As such, python-bindiff has been developed to provide a Python API enabling triggering a diff and manipulating its content.
Python Bindiff¶
python-bindiff
is a python module aiming to give a friendly interface to launch
and manipulate bindiff between two binary iles.
How it works ?¶
The module relies on python-binexport
to extract programs .BinExport and then directly interact with the binary differ
(of zynamics) to perform the diff. The generated diff file is then correlated
with the two binaries to be able to navigate the changes.
Installation¶
The python module requires Bindiff. Thus first refers to Zynamics installation directives.

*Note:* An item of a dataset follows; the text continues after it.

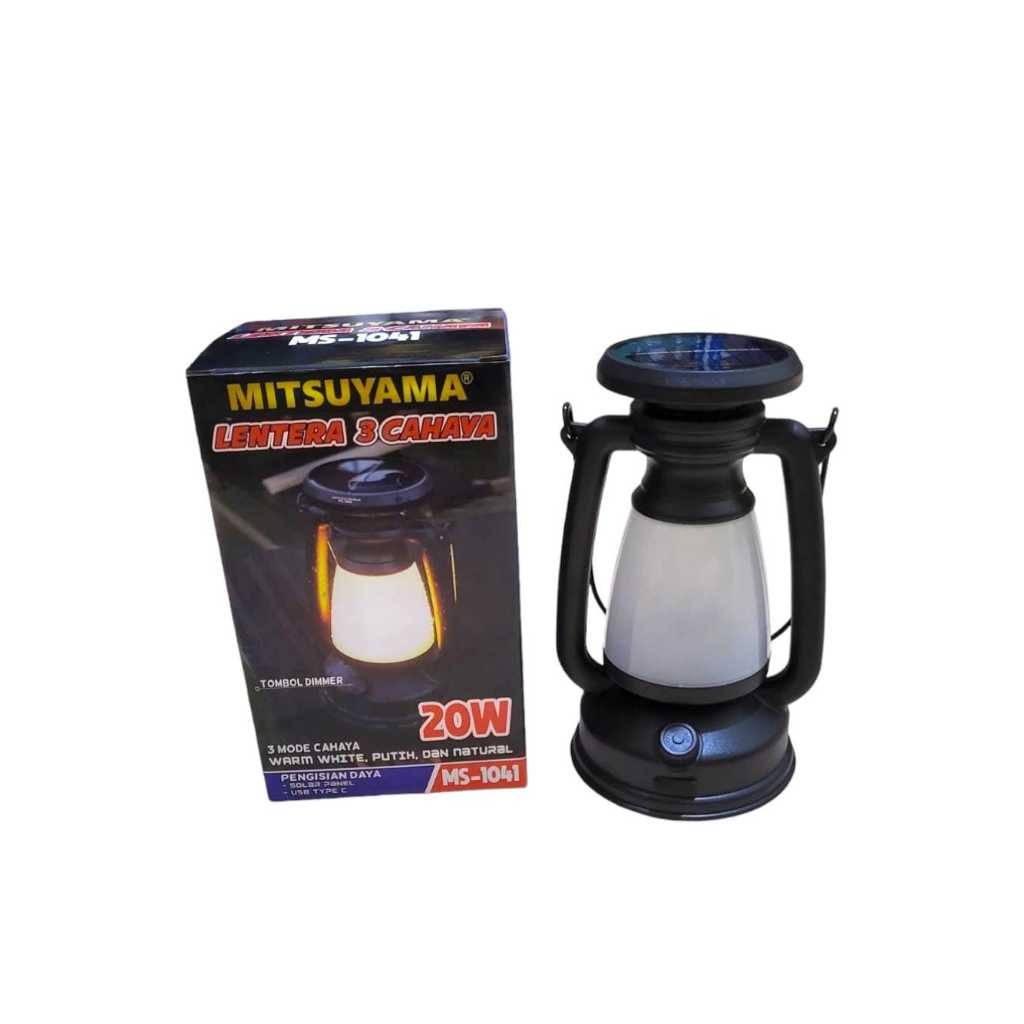 LAMPU CAMPING Solar cell Mitsuyama MS-1041 LAMPU EMERGENCY LENTERA 3 CAHAYA MITSUYAMA 20W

Then the python module can be installed with:
pip install python-bindiff
The python module needs to execute the differ
executable. As such it should be available:
either in the path
or via the
BINDIFF_PATH
environment variable
Usage as a python module¶
The simplest way to get the programs diffed is:
from bindiff import BinDiff
diff = BinDiff("sample1.BinExport", "sample2.BinExport", "diff.BinDiff")
print(diff.similarity, diff.confidence)
# do whatever you want with diff.primary, diff.secondary which are the
# two Program object
But programs can be instanciated separately:
from binexport import ProgramBinExport
from bindiff import BinDiff
p1 = ProgramBinExport("sample1.BinExport")
p2 = ProgramBinExport("sample2.BinExport")
diff = BinDiff(p1, p2, "diff.BinDiff")
Note that all the diff data are embedded inside program objects thus
after instanciating BinDiff those p1
and p2
are modified.
From the API it is also possible to directly perform the BinExport extraction and the diffing:
from bindiff import BinDiff
diff = BinDiff.from_binary_files("sample1.exe", "sample2.exe", "out.BinDiff")
# or performing the diff on BinExport files
diff = BinDiff.from_binexport_files("sample1.BinExport", "sample2.BinExport", "out.BinDiff")
Usage as a command line¶
The bindiffer
command line allows to generate a diff file from the two
.BinExport files or directly from the binaries (thanks to python-binexport and
idascript). The help message is the following:
Usage: bindiffer [OPTIONS] <primary file> <secondary file>
bindiffer is a very simple utility to diff two binary files using BinDiff in command line. The two input files can be either binary files (in which case
IDA is used) or directly .BinExport file (solely BinDiff is used).
Options:
-i, --ida-path PATH IDA Pro installation directory
-b, --bindiff-path PATH BinDiff differ directory
-t, --type <type> inputs files type ('bin', 'binexport') [default:'bin']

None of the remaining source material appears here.